A Home for the Alien

My family never made a pretense of anything even slightly nearing normalcy, and that penchant for the peculiar extended to the realm of holiday celebrations. We particularly embraced Epiphany, the celebration of the coming of the kings to worship Christ. My parents hosted a yearly Epiphany party at which we all dressed in costumes from various cultures and ate international food. The point of the international theme is that Epiphany is the celebration of Christ coming to the gentiles, as Christmas is the celebration of Christ coming to the Jews.

In recent years, Epiphany has come and gone, and I haven’t really particularly felt any excitement in the celebration. But this year seems different. I’m genuinely thrilled about the holiday, although I have no particular celebratory plans. Living as a foreigner gives a new perspective to many things, Epiphany among them.

It is hard to truly understand what life as a legal alien is like unless one has lived it. In many ways, there’s a glamor to it. Everything is new, strange, unique, adventurous. Friends make envious comments about the romantic nature of one’s life. People are genuinely interested in pictures of the food one is eating. My taste for travel finds many opportunities for satisfaction. Life is exciting.

But there’s another side of life as an alien that is harder to explain. There is the unending sense of “otherness.” When I first moved to Athens, the only everyday hat I had was embroidered with “U.S.A” across the front. I’d never felt conspicuous wearing it in the States, but in Greece I soon decided to buy another hat and put my U.S.A. cap away. I hated the feeling of being immediately recognized as different from those around me (as though my blonde hair and blue eyes don’t already do that). The same phenomenon applies to speaking to cashiers. I smile and say Eff-hairesto (thank you), but all the while I’m silently hoping they don’t ask questions or try to make conversation.  Then the secret’s out, and I’m not one of the everyday people anymore—I’m different.

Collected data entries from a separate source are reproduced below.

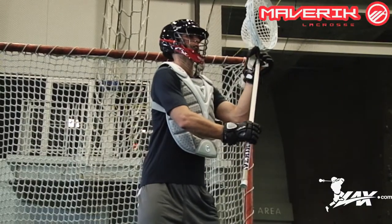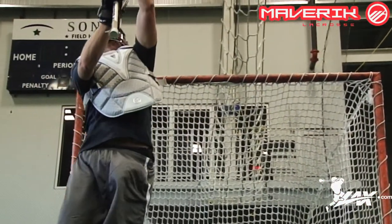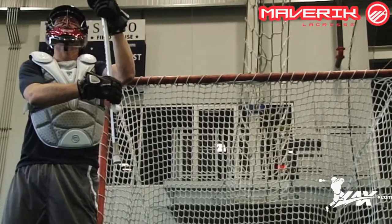From a protection standpoint, there's extra protection right in your sternum where you'll take a lot of shots, down around your rib cage where you also will see the ball come in a lot, and then up by your collarbone, which is always an important part to be protected.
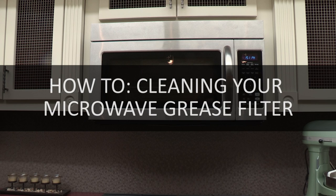Grease filters should be cleaned at least once a month. This prevents excess grease and soil buildup on the filters that will decrease exhaust fan efficiency.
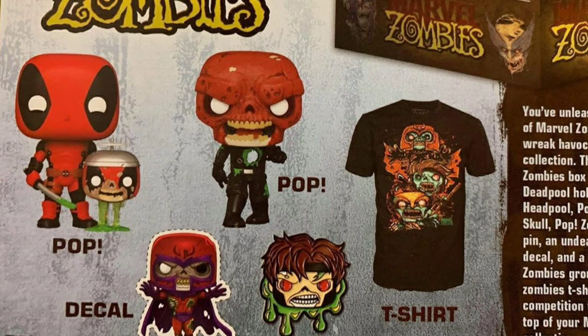Well, technically that was not a zombie — that was just Deadpool holding a zombie head, which that pop, it's like whatever. I'm not really impressed with that. They could have done a lot better. They could have gave us like a Captain America zombie or a Spider-Man zombie or whatever, but they went with that. You know these Marvel Collector Corps boxes — they always give us like one trash pop and then the other pop is sick.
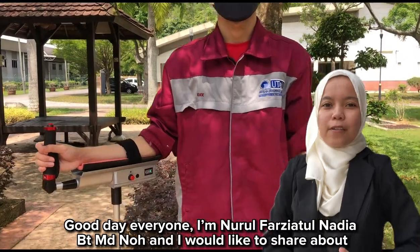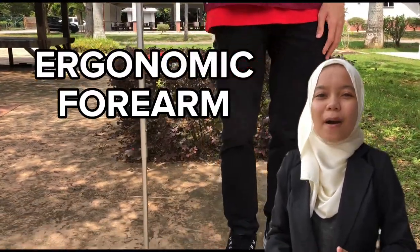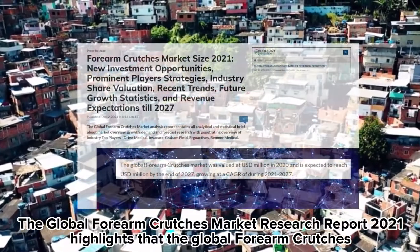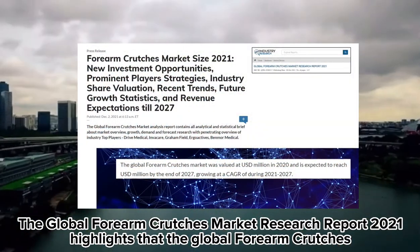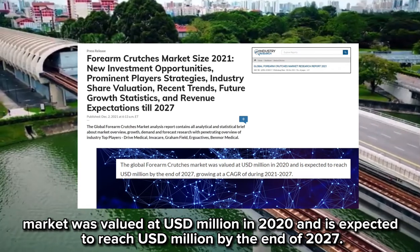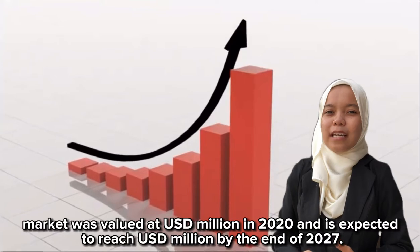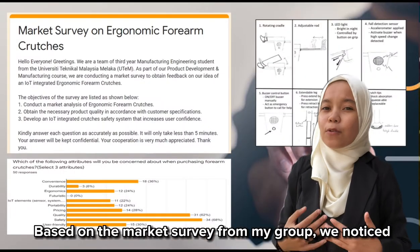Good day everyone, I am Nurul Farnadal Binti Magno. I would like to share about a group product design: an ergonomic arm crutch. The global arm crutch market report of 2021 highlights that the market was valued at USD million in 2020 and is projected to reach USD million by the end of 2027.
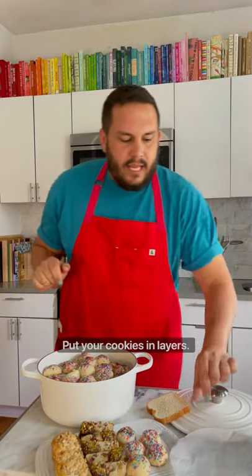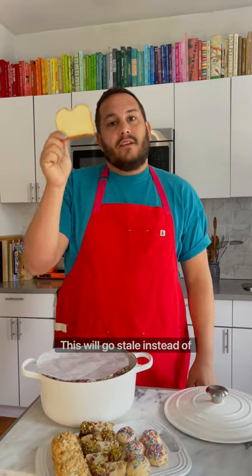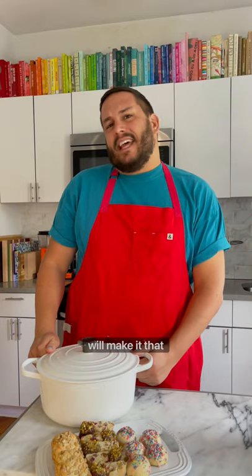Put your cookies in layers, and in between each layer, add a piece of parchment. When you get to the very top, put a piece of bread. This'll go stale instead of the cookies. Put your top on. Everything will last for about a month, but I don't think your cookies will make it that long.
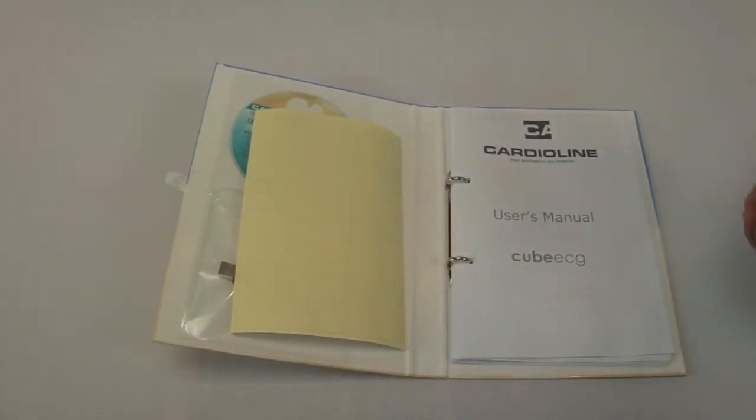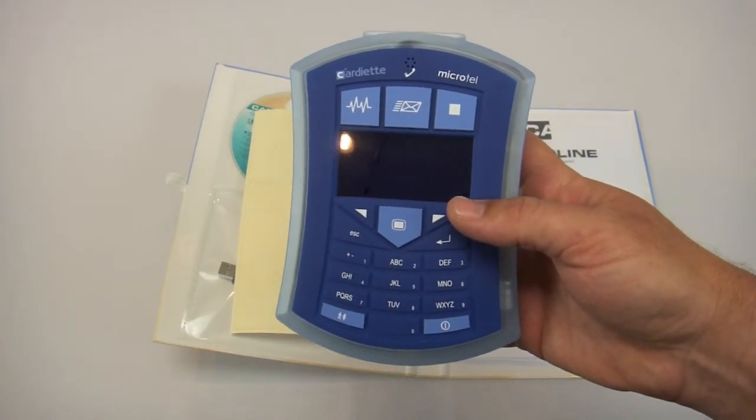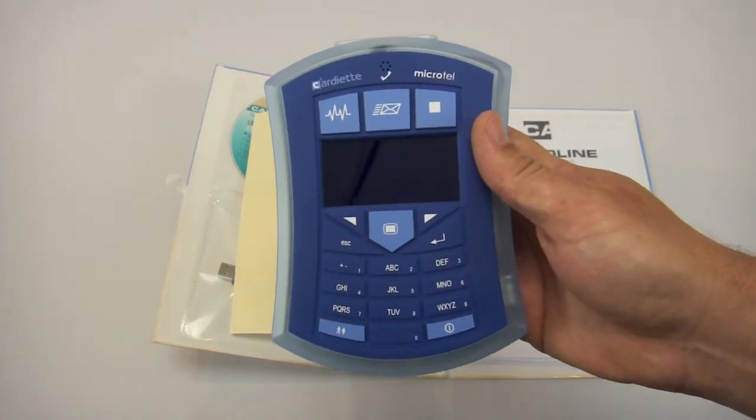The Microtel is the first in its class that we're aware of to offer real-time Bluetooth connectivity to the computer in a nice, compact, handheld form factor. Thanks for visiting CardioLine U.S.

For the most part, the language barrier isn’t too difficult to deal with. I’ve become very used to sitting on the metro surrounded by conversations that I don’t understand. Most of the signs in Athens have English beneath the Greek. It isn’t that hard to get from here to there.

But it’s still a great relief when I find someone who speaks English outside of school. In November, I went to the post office to mail a package. After figuring out the que (an adventure all its own), I spent the next forty minutes praying that one of the staff knew English. To my great relief, the woman who helped me figure out how to send my parcel spoke excellent English, and I had to restrain myself from jumping over the glass and hugging her.

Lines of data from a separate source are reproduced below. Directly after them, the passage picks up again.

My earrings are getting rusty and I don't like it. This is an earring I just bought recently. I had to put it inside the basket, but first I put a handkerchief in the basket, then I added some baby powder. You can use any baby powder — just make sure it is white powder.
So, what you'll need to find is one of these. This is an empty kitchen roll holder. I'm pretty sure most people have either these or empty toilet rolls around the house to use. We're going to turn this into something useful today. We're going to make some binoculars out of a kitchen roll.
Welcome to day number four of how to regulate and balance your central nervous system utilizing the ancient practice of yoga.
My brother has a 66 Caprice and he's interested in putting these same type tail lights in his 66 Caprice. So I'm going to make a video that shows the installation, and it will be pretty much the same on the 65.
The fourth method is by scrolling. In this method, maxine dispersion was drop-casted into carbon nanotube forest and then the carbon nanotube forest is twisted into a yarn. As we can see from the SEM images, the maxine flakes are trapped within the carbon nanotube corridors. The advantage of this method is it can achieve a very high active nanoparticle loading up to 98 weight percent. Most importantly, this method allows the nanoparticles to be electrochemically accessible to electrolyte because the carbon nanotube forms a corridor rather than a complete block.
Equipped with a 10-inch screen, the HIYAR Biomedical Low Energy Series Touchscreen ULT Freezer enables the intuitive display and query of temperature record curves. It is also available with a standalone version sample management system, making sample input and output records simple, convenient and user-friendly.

While I’m relieved to find people who speak English, and I know that I should work more on learning Greek, there’s a part of me that struggles to put forth an effort in that direction. I know more Greek would mean an easier time with cashiers and store clerks, but it will take years before I’m able to have a really good, heart-to-heart conversation in Greek. To me, the point of language is to know another person. Being able to ask, “Where is the WC?” won’t really help me make a close friend.

Then, of course part of being an alien includes the simple fact that I’m not Greek. There’s a neo-Nazi party here in Greece that has gained a startling amount of support. It’s called “Golden Dawn,” and they espouse highly nationalistic policy, even going to hospitals to donate blood, but refusing to give blood to anyone who is not Greek. Their ideas are clear: Greece is for the Greeks. Immigrants are not welcome.

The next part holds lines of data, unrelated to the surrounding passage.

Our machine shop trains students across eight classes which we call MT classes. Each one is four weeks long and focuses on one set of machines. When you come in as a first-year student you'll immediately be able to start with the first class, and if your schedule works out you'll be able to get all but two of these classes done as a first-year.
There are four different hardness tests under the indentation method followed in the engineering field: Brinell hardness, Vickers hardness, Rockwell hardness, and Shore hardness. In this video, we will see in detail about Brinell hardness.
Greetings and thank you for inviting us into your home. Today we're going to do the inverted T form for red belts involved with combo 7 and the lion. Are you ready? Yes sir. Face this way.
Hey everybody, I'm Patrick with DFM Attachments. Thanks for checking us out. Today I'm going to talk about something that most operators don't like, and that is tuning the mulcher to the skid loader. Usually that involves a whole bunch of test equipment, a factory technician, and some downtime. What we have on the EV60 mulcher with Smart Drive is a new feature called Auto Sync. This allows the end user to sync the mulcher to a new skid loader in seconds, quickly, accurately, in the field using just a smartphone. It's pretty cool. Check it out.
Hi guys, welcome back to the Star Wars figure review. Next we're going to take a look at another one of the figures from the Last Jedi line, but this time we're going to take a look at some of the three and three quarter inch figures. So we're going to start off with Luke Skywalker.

I wonder a bit if non-Americans react to extreme forms of American nationalism the way I feel when I hear the ideas of Golden Dawn. Do they want to say, “Hey, I’m human too! And being from here doesn't make you more valuable.” Do they feel the same sense of otherness? Do they suddenly want to go home?

But that’s problem for many expatriots. Going home may not be that easy. There’s always a reason for leaving one’s country. After teaching in the American public school system for years, I became so thoroughly disgusted with the legislation that reduces children to numbers and strips away the beauty of childhood to make education mainly an enterprise aimed at raising test scores that I knew I had to leave. It wasn't that my job was in jeopardy. To the contrary, I was considered a good teacher. But when laws become oppressive, the heart is willing to depart from the homeland.

But no matter the reason for leaving, all of us wish to belong, to no longer be "the other,” to not just be welcome as a visitor—but rather to be a member, a citizen, a part of the family. And that’s the blessing of Epiphany. It’s a throwing open of the doors to the family of God, an invitation to a heavenly citizenship, a comfort to the alien. Epiphany is the celebration of adoption, when those who are not the natural children join the family. It is the discovery that no matter the country on one’s passport, one can find a father here—and not just any father, but one to whom, as the Book of Common Prayer so perfectly states, “all hearts are open, all desires known, and from whom no secrets are hid.”

On Epiphany, we gentiles ceased to be the other, no longer spiritual foreigners or expats any more.

On Epiphany, God spoke our language, and the orphans found a father.

On Epiphany, the heart of the wanderer can find rest, even when we dwell in foreign lands.

For it was on Epiphany that the alien was given a home in the Kingdom of God.